The data.
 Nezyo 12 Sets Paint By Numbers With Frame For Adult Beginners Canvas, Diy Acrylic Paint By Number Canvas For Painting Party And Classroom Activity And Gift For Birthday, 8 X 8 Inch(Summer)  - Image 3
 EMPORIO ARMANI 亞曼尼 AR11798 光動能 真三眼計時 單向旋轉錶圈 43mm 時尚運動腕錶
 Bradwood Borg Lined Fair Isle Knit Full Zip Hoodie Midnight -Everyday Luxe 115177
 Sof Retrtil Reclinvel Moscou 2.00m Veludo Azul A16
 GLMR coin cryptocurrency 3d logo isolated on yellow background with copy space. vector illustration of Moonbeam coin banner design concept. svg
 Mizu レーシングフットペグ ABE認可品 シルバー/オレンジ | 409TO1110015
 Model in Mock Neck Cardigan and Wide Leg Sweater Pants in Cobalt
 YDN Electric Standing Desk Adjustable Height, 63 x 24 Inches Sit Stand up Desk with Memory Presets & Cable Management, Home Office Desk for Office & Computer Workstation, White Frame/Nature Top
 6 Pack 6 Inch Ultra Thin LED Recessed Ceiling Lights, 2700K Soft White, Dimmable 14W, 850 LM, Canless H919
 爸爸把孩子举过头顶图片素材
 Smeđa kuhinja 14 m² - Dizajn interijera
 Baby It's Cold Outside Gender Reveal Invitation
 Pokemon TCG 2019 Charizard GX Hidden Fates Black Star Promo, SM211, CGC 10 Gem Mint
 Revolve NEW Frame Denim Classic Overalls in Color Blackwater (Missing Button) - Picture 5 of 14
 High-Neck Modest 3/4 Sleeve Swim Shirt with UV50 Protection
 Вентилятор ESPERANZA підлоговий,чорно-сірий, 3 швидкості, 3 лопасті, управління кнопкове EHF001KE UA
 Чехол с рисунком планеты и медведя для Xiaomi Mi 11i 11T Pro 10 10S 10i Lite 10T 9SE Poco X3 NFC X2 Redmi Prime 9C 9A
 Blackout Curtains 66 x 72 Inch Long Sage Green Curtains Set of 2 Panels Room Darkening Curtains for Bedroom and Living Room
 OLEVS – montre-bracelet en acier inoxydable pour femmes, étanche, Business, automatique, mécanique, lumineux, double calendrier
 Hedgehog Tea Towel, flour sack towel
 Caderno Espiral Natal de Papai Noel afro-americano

What the task asks. The material must be repeated in full, with every line exact.

Solution for this exercise.
 Nezyo 12 Sets Paint By Numbers With Frame For Adult Beginners Canvas, Diy Acrylic Paint By Number Canvas For Painting Party And Classroom Activity And Gift For Birthday, 8 X 8 Inch(Summer)  - Image 3
 EMPORIO ARMANI 亞曼尼 AR11798 光動能 真三眼計時 單向旋轉錶圈 43mm 時尚運動腕錶
 Bradwood Borg Lined Fair Isle Knit Full Zip Hoodie Midnight -Everyday Luxe 115177
 Sof Retrtil Reclinvel Moscou 2.00m Veludo Azul A16
 GLMR coin cryptocurrency 3d logo isolated on yellow background with copy space. vector illustration of Moonbeam coin banner design concept. svg
 Mizu レーシングフットペグ ABE認可品 シルバー/オレンジ | 409TO1110015
 Model in Mock Neck Cardigan and Wide Leg Sweater Pants in Cobalt
 YDN Electric Standing Desk Adjustable Height, 63 x 24 Inches Sit Stand up Desk with Memory Presets & Cable Management, Home Office Desk for Office & Computer Workstation, White Frame/Nature Top
 6 Pack 6 Inch Ultra Thin LED Recessed Ceiling Lights, 2700K Soft White, Dimmable 14W, 850 LM, Canless H919
 爸爸把孩子举过头顶图片素材
 Smeđa kuhinja 14 m² - Dizajn interijera
 Baby It's Cold Outside Gender Reveal Invitation
 Pokemon TCG 2019 Charizard GX Hidden Fates Black Star Promo, SM211, CGC 10 Gem Mint
 Revolve NEW Frame Denim Classic Overalls in Color Blackwater (Missing Button) - Picture 5 of 14
 High-Neck Modest 3/4 Sleeve Swim Shirt with UV50 Protection
 Вентилятор ESPERANZA підлоговий,чорно-сірий, 3 швидкості, 3 лопасті, управління кнопкове EHF001KE UA
 Чехол с рисунком планеты и медведя для Xiaomi Mi 11i 11T Pro 10 10S 10i Lite 10T 9SE Poco X3 NFC X2 Redmi Prime 9C 9A
 Blackout Curtains 66 x 72 Inch Long Sage Green Curtains Set of 2 Panels Room Darkening Curtains for Bedroom and Living Room
 OLEVS – montre-bracelet en acier inoxydable pour femmes, étanche, Business, automatique, mécanique, lumineux, double calendrier
 Hedgehog Tea Towel, flour sack towel
 Caderno Espiral Natal de Papai Noel afro-americano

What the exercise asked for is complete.